Tax
UK Tax Authority Opens New Amnesty To Tempt Back Offshore Funds

HM Revenue & Customs, the UK tax authority, has launched a new disclosure initiative allowing those with unpaid taxes on offshore accounts or assets to settle their tax bill at a reduced penalty rate.
Under the New Disclosure Opportunity, which runs from 1 September 2009 to 12 March 2010, those who make a “complete and accurate disclosure” of their offshore holdings will qualify for a 10 per cent penalty charge, HMRC said in a statement.
Those not making use of the NDO who are subsequently found to have undeclared tax liabilities will likely face a 30 per cent penalty – along with an increased risk of criminal charges.
Dave Hartnett, HMRC’s permanent secretary for tax, urged taxpayers to make use of the NDO as “this will be the last opportunity of its kind”, and particularly pointed to those who might now regret not taking advantage of the previous Offshore Disclosure Facility.
HMRC ran its ODF from April to November 2007, writing to offshore investors to offer a 10 per cent penalty rate. Those who declined to disclose their assets then but who now wish to come clean through the NDO will be subject to a 20 per cent penalty, a rate which HMRC said “is more favourable than normal while demonstrating that special rates once declined are unlikely to be repeated.”
Andrew Watt, managing director of tax disputes and investigations at Alvarez & Marsal Taxand, is also urging those eligible to take advantage of the new initiative. “The NDO provides a good option for companies and individuals with a disclosure to make as they will benefit from a much more favourable penalty.

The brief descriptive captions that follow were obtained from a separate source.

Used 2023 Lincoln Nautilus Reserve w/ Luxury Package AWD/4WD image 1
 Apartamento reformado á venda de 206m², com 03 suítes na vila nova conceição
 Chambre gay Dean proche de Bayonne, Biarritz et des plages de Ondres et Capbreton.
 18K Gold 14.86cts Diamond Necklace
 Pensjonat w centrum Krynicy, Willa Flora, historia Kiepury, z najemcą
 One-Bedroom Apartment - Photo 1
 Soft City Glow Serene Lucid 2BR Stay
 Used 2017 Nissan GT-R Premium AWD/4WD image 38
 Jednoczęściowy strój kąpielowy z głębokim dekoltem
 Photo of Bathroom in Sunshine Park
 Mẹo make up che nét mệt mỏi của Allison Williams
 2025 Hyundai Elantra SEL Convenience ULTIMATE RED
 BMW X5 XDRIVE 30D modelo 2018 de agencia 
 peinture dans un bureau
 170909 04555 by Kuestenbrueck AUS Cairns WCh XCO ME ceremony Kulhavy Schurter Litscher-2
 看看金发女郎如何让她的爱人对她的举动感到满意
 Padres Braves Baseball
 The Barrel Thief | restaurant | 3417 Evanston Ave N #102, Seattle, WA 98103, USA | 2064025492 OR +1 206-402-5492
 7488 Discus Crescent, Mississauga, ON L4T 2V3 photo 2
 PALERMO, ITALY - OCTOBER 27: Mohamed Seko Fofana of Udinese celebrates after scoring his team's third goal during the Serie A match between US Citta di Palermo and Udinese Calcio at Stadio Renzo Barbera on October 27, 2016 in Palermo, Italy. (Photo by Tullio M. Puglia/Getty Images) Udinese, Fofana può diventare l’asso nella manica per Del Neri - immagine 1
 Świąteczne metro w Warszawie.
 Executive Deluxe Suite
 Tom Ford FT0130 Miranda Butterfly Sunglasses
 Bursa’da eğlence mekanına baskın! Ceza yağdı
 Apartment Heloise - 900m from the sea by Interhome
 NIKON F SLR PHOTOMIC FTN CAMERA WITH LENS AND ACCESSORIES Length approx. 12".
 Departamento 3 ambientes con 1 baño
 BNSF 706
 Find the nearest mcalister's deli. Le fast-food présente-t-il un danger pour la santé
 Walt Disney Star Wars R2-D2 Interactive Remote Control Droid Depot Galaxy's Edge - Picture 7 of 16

This is the last time companies and individuals will be able to disclose their unpaid tax on such favourable terms,” he said.
According to Mr Watt, the NDO is likely to raise £1 billion of tax revenues - giving a badly needed boost to the Treasury’s coffers.
The financial crisis has left cash-strapped governments keen to recover tax revenues from offshore accounts and HMRC’s announcement follows news earlier this month that the Italian government is planning its third tax amnesty in nine years.
The Italian amnesty – which is planned to run between October this year and April 2010 if granted parliamentary approval – will impose a 50 per cent tax on interest received from repatriated offshore funds, assumed to be two per cent annually over the past five years.